Data supplied: Begin
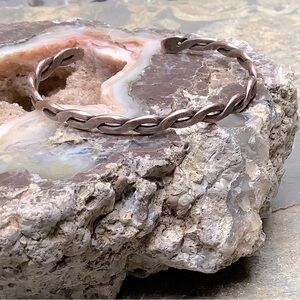 Copper Bangle Bracelet Artisan Handmade USA 6 3/4 inches.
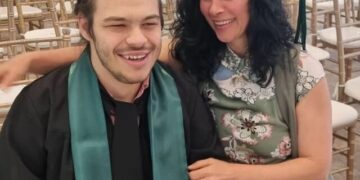 Un tânăr care nu-şi poate folosi mâinile şi picioarele a luat licenţa în Drept cu nota 10 / ”Pot învăţa orice, dar nu pot să scriu. Unii profesori au fost de acord să susţin examenele oral. Alţii, nu”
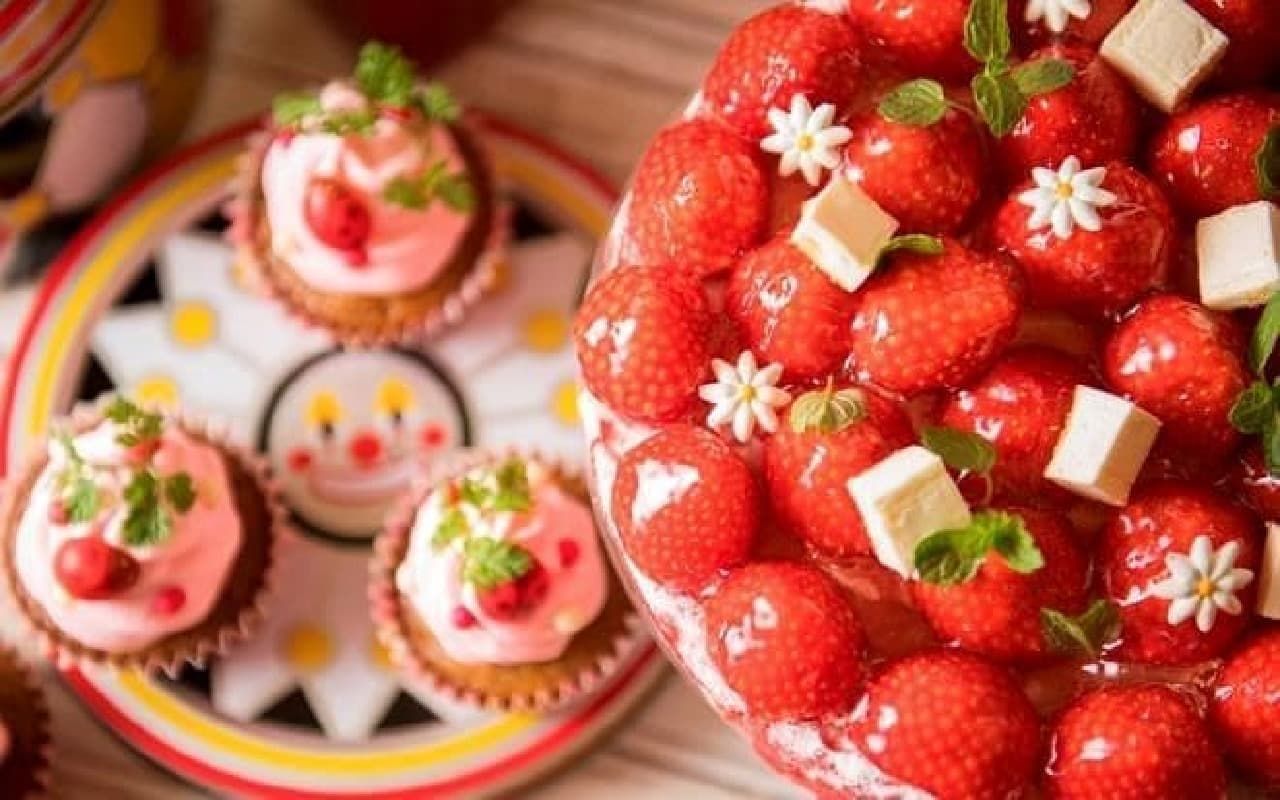 Hilton Osaka Strawberry Dessert Buffet "Enchanted Strawberry Circus"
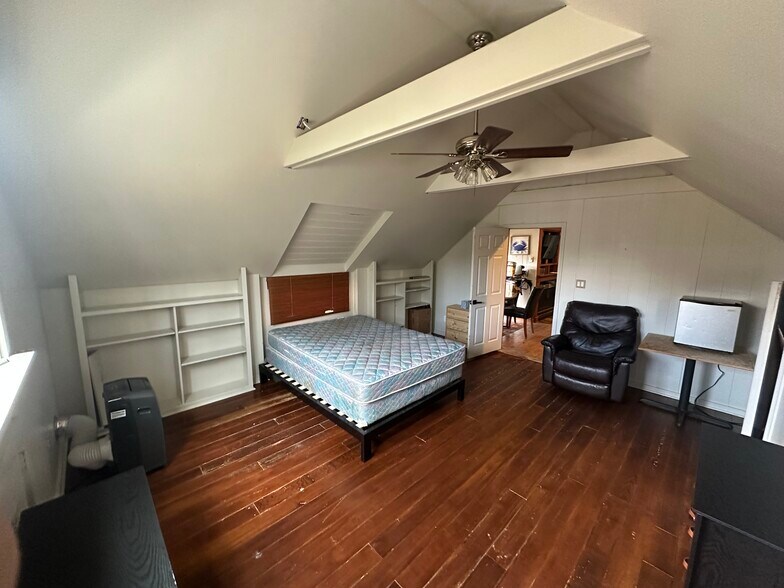 More Photos Of 430 Carolina Way, Highlands Flex For Sale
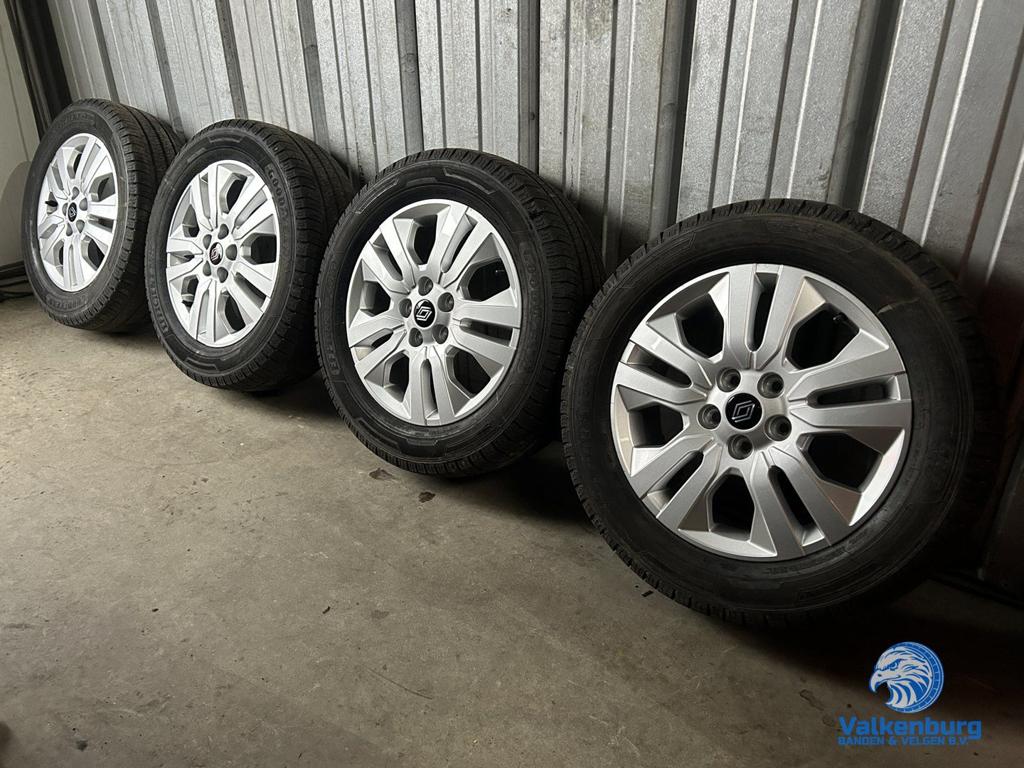 Nieuwe originele Renault Trafic Facelift 17 inch velgen 5x11, Auto-onderdelen, -, -, Banden en Velgen, Nieuw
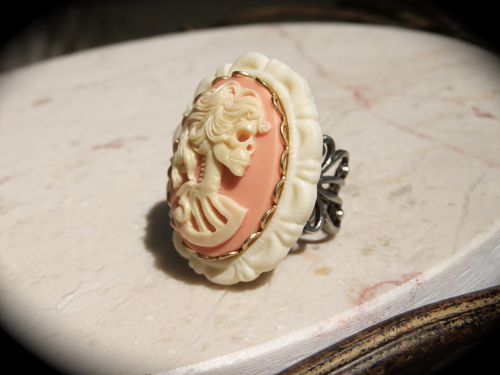 I make handmade jewelry with my own unique style. It's a little goth, fantasy, steampunk, victorian, noir, vintage, dreamy.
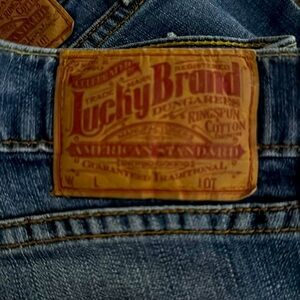 Lucky Brand boot leg jeans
Data supplied: End
Leaving every picture out, write out exactly the lines from the beginning of the listing above to the line with "Hilton Osaka Strawberry", inclusive.

 Copper Bangle Bracelet Artisan Handmade USA 6 3/4 inches.
 Un tânăr care nu-şi poate folosi mâinile şi picioarele a luat licenţa în Drept cu nota 10 / ”Pot învăţa orice, dar nu pot să scriu. Unii profesori au fost de acord să susţin examenele oral. Alţii, nu”
 Hilton Osaka Strawberry Dessert Buffet "Enchanted Strawberry Circus"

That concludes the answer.